Requirement:
Would you please repeat exactly the lines from the one containing "this 780×580 image." to the end of the records, both included, and leave out the rest?

[Records to process Boundary: Start]

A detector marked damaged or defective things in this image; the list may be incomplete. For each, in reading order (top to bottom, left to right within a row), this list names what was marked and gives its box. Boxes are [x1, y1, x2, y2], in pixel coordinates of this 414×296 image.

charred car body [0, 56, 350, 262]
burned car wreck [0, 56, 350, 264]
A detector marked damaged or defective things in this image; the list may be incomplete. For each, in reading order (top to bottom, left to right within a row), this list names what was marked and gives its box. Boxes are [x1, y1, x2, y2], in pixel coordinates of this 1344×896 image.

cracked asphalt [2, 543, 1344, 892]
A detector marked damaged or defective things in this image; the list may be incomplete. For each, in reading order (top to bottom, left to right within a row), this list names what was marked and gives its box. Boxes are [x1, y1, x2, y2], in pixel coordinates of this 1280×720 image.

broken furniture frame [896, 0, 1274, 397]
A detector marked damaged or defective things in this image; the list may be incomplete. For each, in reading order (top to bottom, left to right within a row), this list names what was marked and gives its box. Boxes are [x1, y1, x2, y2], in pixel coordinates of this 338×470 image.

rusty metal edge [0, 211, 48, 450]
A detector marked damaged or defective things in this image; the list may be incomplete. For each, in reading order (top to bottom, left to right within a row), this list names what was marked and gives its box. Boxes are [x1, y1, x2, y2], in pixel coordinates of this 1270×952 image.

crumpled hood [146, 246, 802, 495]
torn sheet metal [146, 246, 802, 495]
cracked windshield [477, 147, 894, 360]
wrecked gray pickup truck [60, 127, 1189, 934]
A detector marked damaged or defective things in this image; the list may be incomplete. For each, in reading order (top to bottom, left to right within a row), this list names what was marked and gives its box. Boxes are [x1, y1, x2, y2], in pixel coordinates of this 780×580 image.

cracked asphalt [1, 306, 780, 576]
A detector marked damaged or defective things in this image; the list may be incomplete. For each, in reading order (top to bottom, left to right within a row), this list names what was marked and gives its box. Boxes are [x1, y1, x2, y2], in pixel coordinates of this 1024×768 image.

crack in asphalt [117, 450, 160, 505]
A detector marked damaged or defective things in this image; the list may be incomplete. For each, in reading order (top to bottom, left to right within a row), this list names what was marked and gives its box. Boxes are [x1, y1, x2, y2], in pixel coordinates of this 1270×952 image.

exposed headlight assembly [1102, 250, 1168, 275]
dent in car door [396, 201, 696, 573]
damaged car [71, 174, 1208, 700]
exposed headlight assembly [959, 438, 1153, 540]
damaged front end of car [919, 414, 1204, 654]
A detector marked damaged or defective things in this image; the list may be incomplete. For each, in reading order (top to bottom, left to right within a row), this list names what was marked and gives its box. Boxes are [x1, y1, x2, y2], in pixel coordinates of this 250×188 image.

[Records to process Boundary: End]

Expected answer:
A detector marked damaged or defective things in this image; the list may be incomplete. For each, in reading order (top to bottom, left to right within a row), this list names what was marked and gives its box. Boxes are [x1, y1, x2, y2], in pixel coordinates of this 780×580 image.

cracked asphalt [1, 306, 780, 576]
A detector marked damaged or defective things in this image; the list may be incomplete. For each, in reading order (top to bottom, left to right within a row), this list names what was marked and gives its box. Boxes are [x1, y1, x2, y2], in pixel coordinates of this 1024×768 image.

crack in asphalt [117, 450, 160, 505]
A detector marked damaged or defective things in this image; the list may be incomplete. For each, in reading order (top to bottom, left to right within a row), this list names what was marked and gives its box. Boxes are [x1, y1, x2, y2], in pixel coordinates of this 1270×952 image.

exposed headlight assembly [1102, 250, 1168, 275]
dent in car door [396, 201, 696, 573]
damaged car [71, 174, 1208, 700]
exposed headlight assembly [959, 438, 1153, 540]
damaged front end of car [919, 414, 1204, 654]
A detector marked damaged or defective things in this image; the list may be incomplete. For each, in reading order (top to bottom, left to right within a row), this list names what was marked and gives its box. Boxes are [x1, y1, x2, y2], in pixel coordinates of this 250×188 image.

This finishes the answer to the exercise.